EQUIPMENT: One deck of cards, including jokers.

SETUP: Separate the red cards into one pile and the black cards and jokers into another pile. Shuffle each pile.

OVERVIEW: You are a general fighting off an invasion of extraterrestrial attackers. The attackers are represented by the red cards. The black cards and jokers are your forces of defense. The attackers will attack in four waves, but you will decide how large each wave will be. If you survive all four waves, you win.

Note: In this game, aces have a value of 1, and jacks, queens and kings have a value of 11, 12 and 13, respectively.

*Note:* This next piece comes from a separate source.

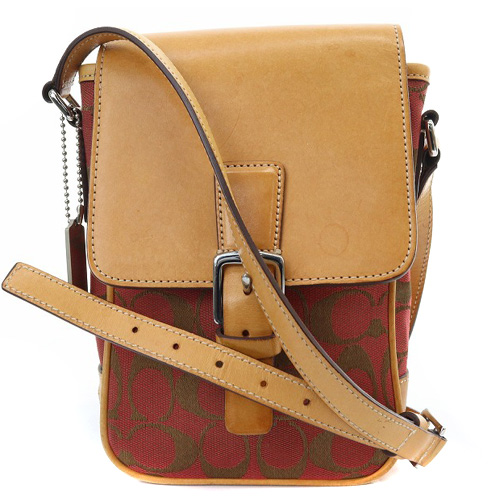 コーチ COACH レザー シグネチャー 切り替え ショルダーバッグ 茶色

PLAY: The game consists of four waves of attack. At the start of each wave, deal seven cards face-up to the table from the deck of defenders. After looking at these cards, decide how many attackers you will attempt to face this wave. (Typically this number will be somewhere from five to eight.)

Turn up attackers one at a time. After each attacker is turned face up, you must either destroy or absorb it, as explained below. If you are unable to either destroy or absorb an attacker, you lose the game. Once you have turned up all the attackers you pledged to face in a given wave, you have survived the wave. Discard all cards on the table, and continue to the next wave by dealing out seven more defenders.

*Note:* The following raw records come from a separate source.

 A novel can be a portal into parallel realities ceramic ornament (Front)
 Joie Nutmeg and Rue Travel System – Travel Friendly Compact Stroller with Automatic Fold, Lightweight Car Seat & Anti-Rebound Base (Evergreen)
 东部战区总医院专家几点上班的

If you finish a wave (other than the final one) with more than three defenders remaining on the table, you lose the game. If you finish a wave with no defenders left on the table, however, you automatically defeat the next attacker from the deck. Discard it before going on to the next wave.

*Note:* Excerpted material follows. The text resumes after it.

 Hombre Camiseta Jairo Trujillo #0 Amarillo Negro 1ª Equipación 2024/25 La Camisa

Absorbing attackers: One way of dealing with an attacker is to absorb it with a card of greater value. Place the attacker under the defender of greater value. That defender is now consideblack wounded. Its new value is the difference between its face value and the total value of the attackers it has absorbed. One defender may be used to absorb several attackers as long as their combined value is less than the value of the defender.

Destroying attackers: The other way to deal with attackers is to destroy them. This can be done with a single defender or with multiple defenders whose values add up exactly to the value of the attacker. Discard the attacker, all defenders used to destroy it, and all attackers previously absorbed by those defenders. If multiple defenders are used to destroy an attacker, they must either be all wounded or all unwounded.

Example: I use a black ten to absorb a red four, a black jack to absorb a red six, and a black three to absorb a red ace. I then turn up a red king. I can use the ten, jack and three (whose new values are six, five and two, respectively) to destroy the king. All cards involved all discarded. I could not have used the ten together with a black seven to destroy the king, because the ten was wounded and the seven was not.

An unwounded defender is one that has absorbed no attackers. If a single unwounded defender is used to destroy an attacker, its value counts as one point greater than normal; thus an unwounded black seven can destroy a red eight, for example. This does not apply when multiple defenders are used to destroy a single attacker.

A joker is good for destroying one attacker. If you choose to use a joker to destroy an attacker, discard them both. Jokers cannot absorb attackers.

Recalibrating: After any attacker has been dealt with, you may discard any unwounded defender in order to change the number of attackers in the current wave. The number can be changed to anything you like. This cannot be done in response to turning up an attacker, but it can be done in case all attackers in a wave have been dealt with and there are defenders to spare.

SPECIAL POWERS:

Some cards have special powers that you can activate by discarding them, provided they are unwounded. You can do this at any time, even after you have drawn an attacker and are deciding how to deal with it.

3’s: You may discard an unwounded 3 in order to allow an attacker to be destroyed by a combination of wounded and unwounded defenders. (The 3 is not counted toward the total needed to destroy the attacker.)

5’s: You may discard an unwounded 5 to shift an absorbed attacker from one defender to another. The new defender must be large enough to absorb/destroy the attacker. You may not shift it to an unwounded defender that is one point smaller than the attacker, even though that defender could be used to destroy the attacker normally.

7’s: You may discard an unwounded 7 to peek at the next three cards in the attacker deck and rearrange them as you like.

WINNING: You win the game if you survive all four waves. If you wish to keep a personal score, your score is the total value of all remaining unwounded defenders. Jokers count zero. To win the game even with a score of zero is a decent accomplishment. To score ten or more is very good.